Prehistoric music (previously primitive music) is a term in the history of music for all music produced in preliterate cultures (prehistory), beginning somewhere in very late geological history. Prehistoric music is followed by ancient music in different parts of the world, but still exists in isolated areas. However, it is more common to refer to the "prehistoric" music which still survives as folk, indigenous or traditional music. Prehistoric music is studied alongside other periods within music archaeology.

Findings from Paleolithic archaeology sites suggest that prehistoric people used carving and piercing tools to create instruments. Archeologists have found Paleolithic flutes carved from bones in which lateral holes have been pierced. The Divje Babe flute, carved from a cave bear femur, is thought to be at least 40,000 years old. Instruments such as the seven-holed flute and various types of stringed instruments, such as the Ravanahatha, have been recovered from the Indus Valley Civilization archaeological sites.[1] India has one of the oldest musical traditions in the world—references to Indian classical music (marga) are found in the Vedas, ancient scriptures of the Hindu tradition.[2] The earliest and largest collection of prehistoric musical instruments was found in China and dates back to between 7000 and 6600 BCE.[3]

Origins[edit]

Some cultures have certain instances of their music intending to imitate natural sounds. In some instances, this feature is related to shamanistic beliefs or practice.[4][5] It may also serve entertainment (game)[6][7] or practical functions (for example, luring animals in hunt)[6].

Another possible origin of music is motherese, the vocal-gestural communication between mothers and infants. This form of communication involves melodic, rhythmic and movement patterns as well as the communication of intention and meaning, and in this sense is similar to music.[8]

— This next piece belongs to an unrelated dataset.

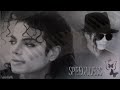 Speechless - Michael Jackson - Piano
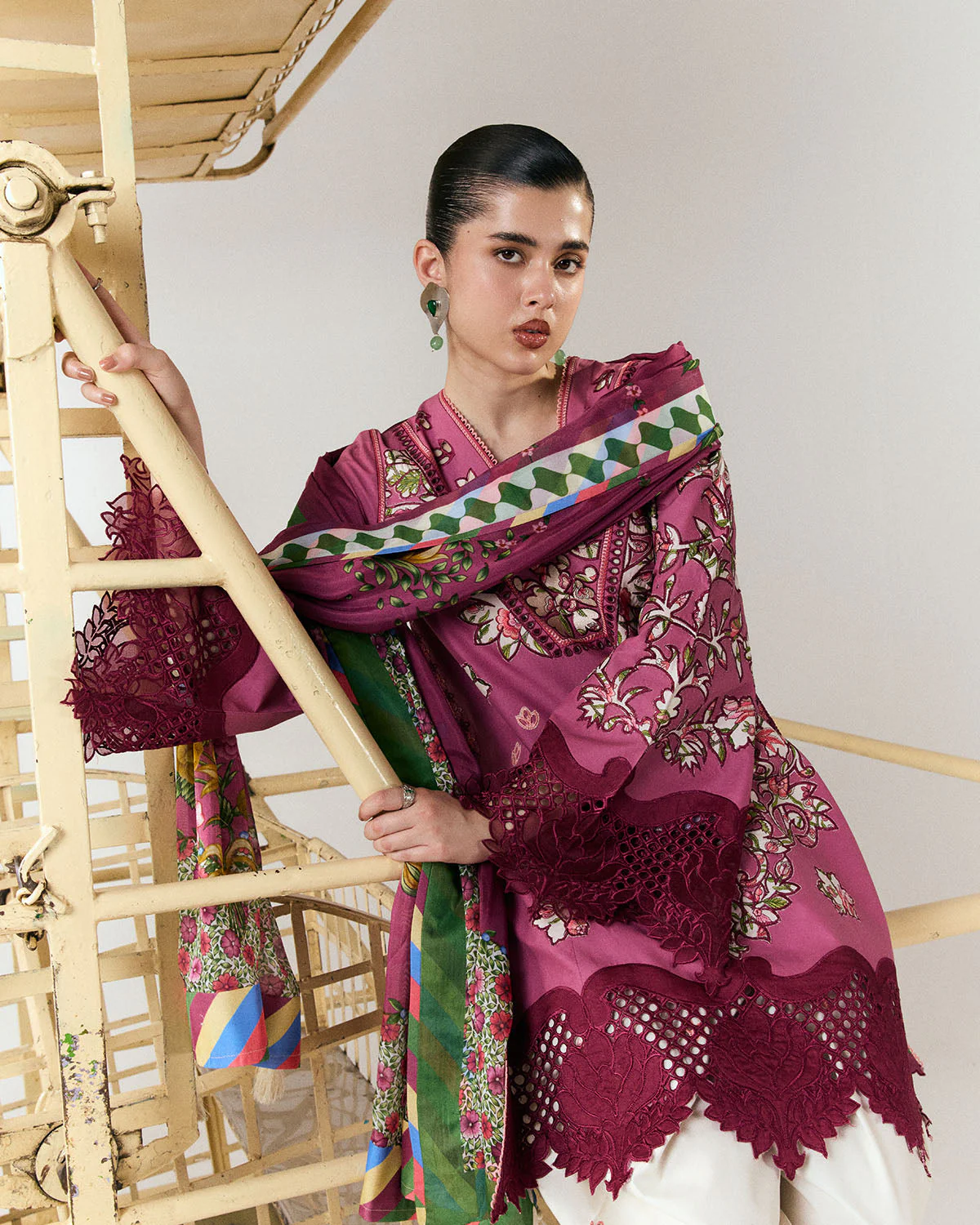 Yawi - Image 3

Miller suggests musical displays play a role in "demonstrating fitness to mate". Based on the ideas of honest signal and the handicap principle, Miller suggested that music and dancing, as energetically costly activities, were to demonstrate the physical and psychological fitness of the singing and dancing individual to the prospective mates.[9]

Communal singing by both sexes occurs among cooperatively breeding songbirds of Australia and Africa such as magpies,[10], and white-browed sparrow weaver[11].

Prehistoric musical instruments[edit]

It is likely that the first musical instrument was the human voice itself, which can make a vast array of sounds, from singing, humming and whistling through to clicking, coughing and yawning. (See Darwin’s Origin of Species on music and speech.) The oldest known Neanderthal hyoid bone with the modern human form has been dated to be 60,000 years old,[12] predating the oldest known Paleolithic bone flute by some 20,000 years,[13] but the true chronology may date back much further.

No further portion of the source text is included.